It does however require the investment of a couple of hours in one block of time over the next 3 days and the investment of honesty with yourself.
What I suggest you do is not a sure-fire guarantee to a successful 2018, however it will ensure you have a better chance than most of achieving your success.
Importantly, how we measure success is unique to each of us and each of us only. One challenge is to use our own success measure and not one we feel we should accept due to family, societal of any other pressures.
Let us start.
It is day one of the new year.
It is time to write a review of the 2018 year as at 31 December.
This is not a writing error, I do mean 31 December 2018.
Place yourself on Monday 31 December 2018 and write down a review of the year exactly how you want it to be.

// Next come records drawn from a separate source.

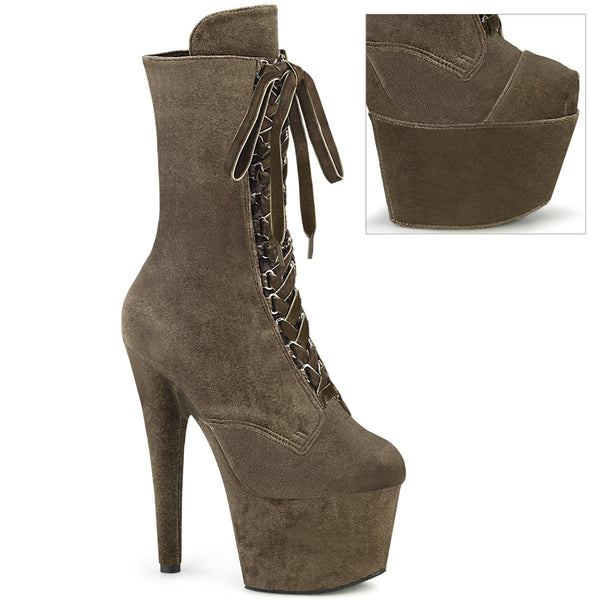 Velvet Schnürstiefel
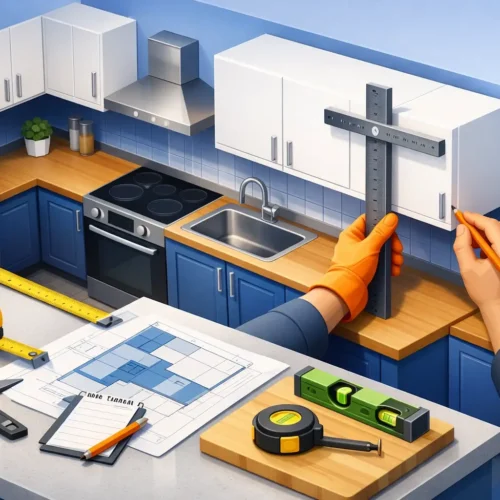 How to Measure Kitchen Cabinets Right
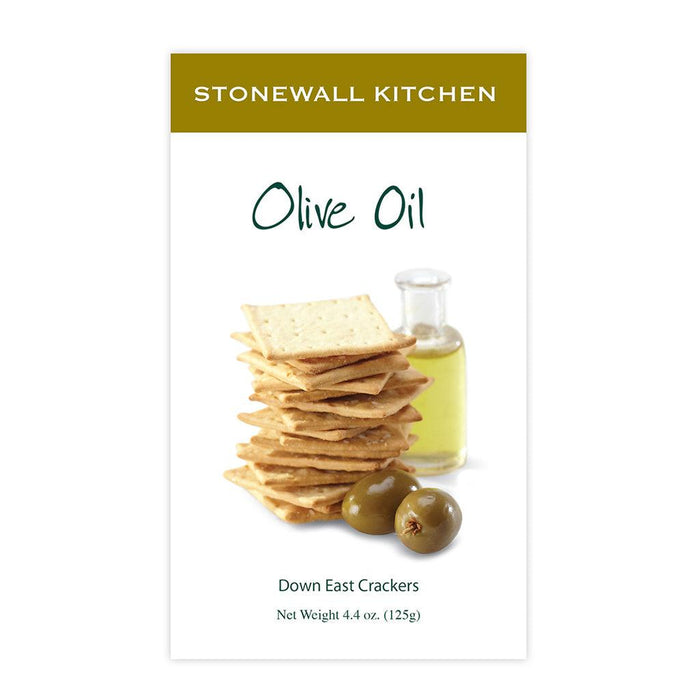 Stonewall Kitchen : Olive Oil Crackers -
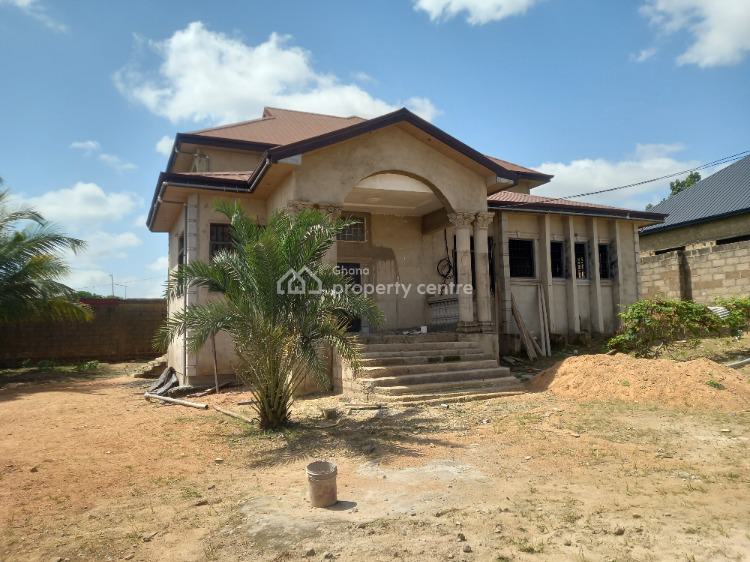 For Sale 4 Bedrooms, Atwima Techiman, Near Kwadaso Hilltop, Kumasi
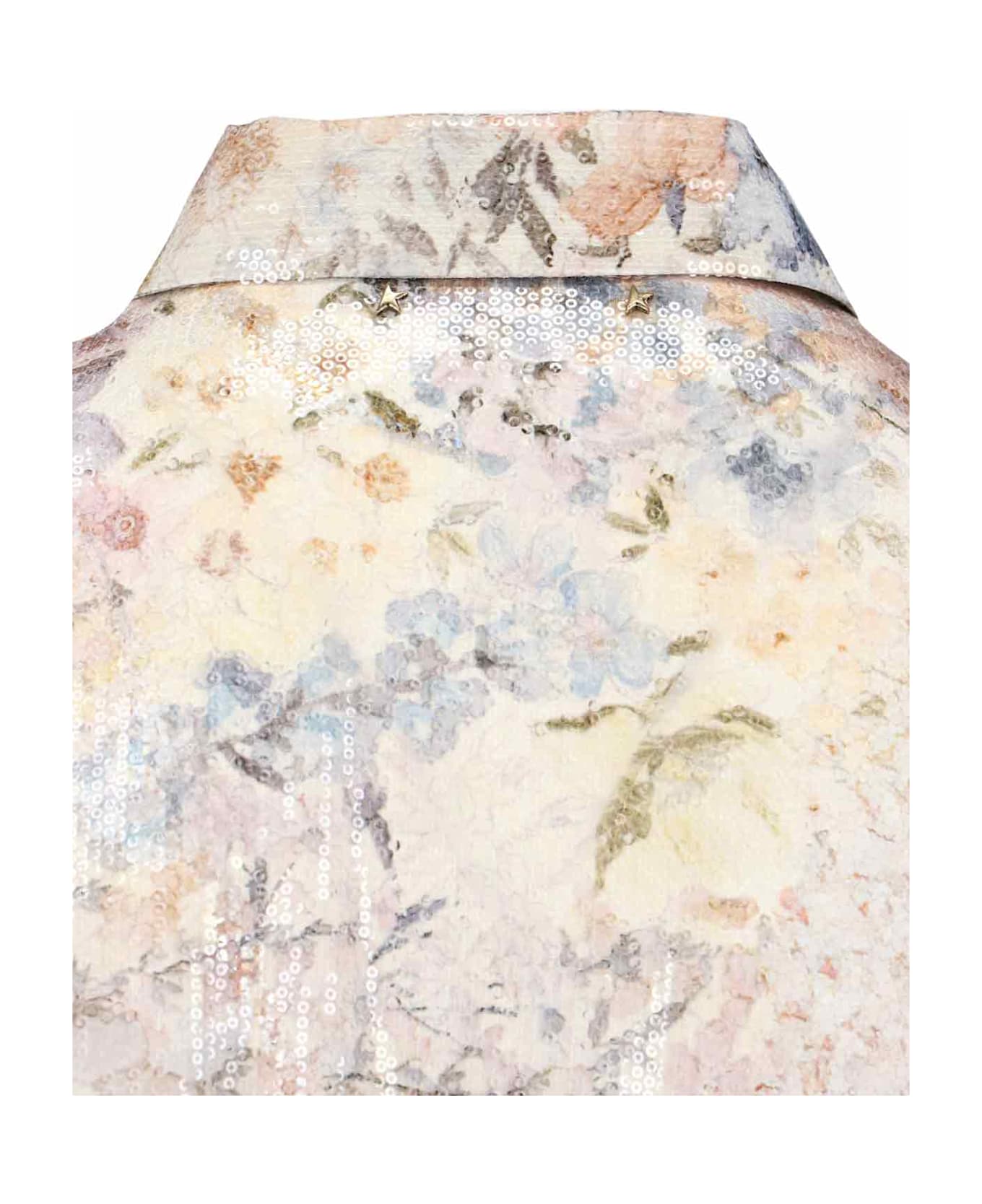 Golden Goose Maxi Shirt Dress - Multicolor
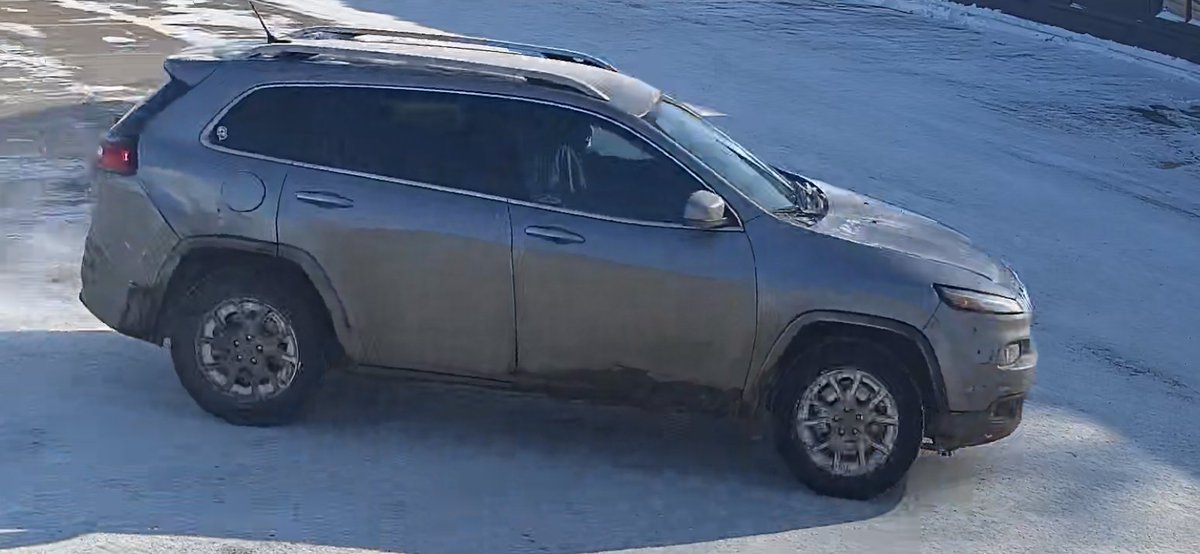 Estevan Police Service is looking for information on the vehicle in this photo. The vehicle was involved in a collision that took place on March 8, 2024 in the 100 Block of 4th Street around 9:45 am. Please call 306-634-4767 with any information. Thank you.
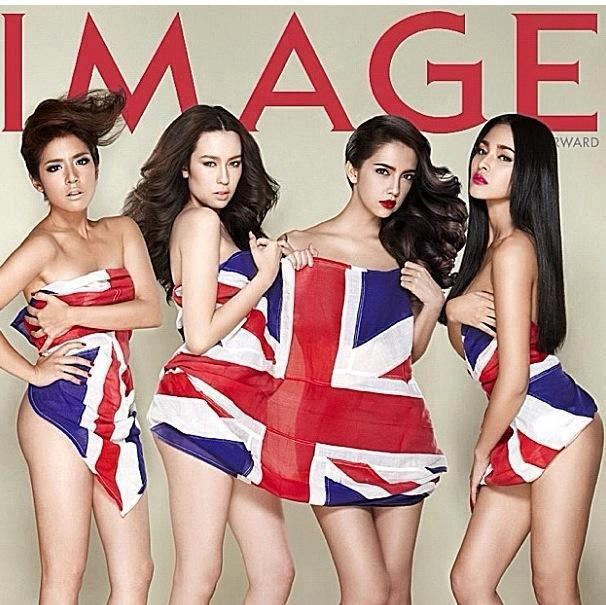 นิตยสาร Image ปกนี้สุดๆ โดนัท นุท ซาร่า ปุ๊กลุ๊ค ขายดีสุด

For example, is there any study you want to start, complete or progress? In my case, I will be writing:
“I am pleased to have completed my Journalism Degree. I was aware I took on a big load to complete it this year but I am glad I did and can now officially call myself a Journalist”.
Chances are you have some travel plans or ideas for 2018. I do too and today I will write something like:
“Having spent time in Chicago and St Louis, it was an easy flight to San Francisco for the AMTRACK connection to the Grand Canyon. The sheer size and raw beauty of the Canyon was beyond expectations. The contrast of the Grand Canyon with Yellowstone and Yosemite made all stops more spectacular.”
Can you see what I am getting at? I am writing my achievements about the year ahead as if they have already happened. Take my travel comments. I have already made a commitment to be in Chicago and I know precisely what dates I will be there and what I will be doing. It is what I then do in America that I need to plan and execute.
It s not only the big-ticket items that are addressed.
Like many others, you may have become very competent in accumulating "stuff". I certainly have and will be writing:
“I have finished 2018 far less cluttered than I started it. The decision that I would not buy an article of clothing without first discarding two old items has made a huge difference to my physical environment and proved almost liberating”.
Then again, perhaps this is a big-ticket item after all.
No matter what their age, perhaps there is something to write about your relationship with parents or children.
A possible example might be:
Committing to being less judgemental and more trusting towards those closest has proved very positive for our relationship and sense of fun and joyfulness as a family unit.
Concerning health, I will be writing much the same as I have for the last 10 years:
“I finish the year fitter, stronger and healthier physically, mentally and spiritually than I was on this day last year”.
This process is not difficult however it can be challenging. It certainly takes honesty and even a little bravery. You may choose to share the review of your year ahead but equally, you may keep it to yourself. It matters more that you do it.
Recording the future as if it has actually happened is a powerful tool and places in you mind the seeds to be grown throughout the year. The difficulty many face when doing this the first time is slipping back in to writing in the form of an objective or a wish. There should not be words like “I plan to”, “I intend to” or “I will”.
By all means visit your document on a regular basis however avoid the temptation to edit it because chances are any change will be less aspirational than what you write today.
One final suggestion. Take a notebook and pen to write your year in review. Anecdotal evidence suggests this is more powerful and authentic than using a keyboard. You may even start a new notebook and then use it for daily journaling, which is another good habit to get in to.
I use an A5 size hardcover notebook which is also easy to take with me and I do take it, pretty much everywhere I go.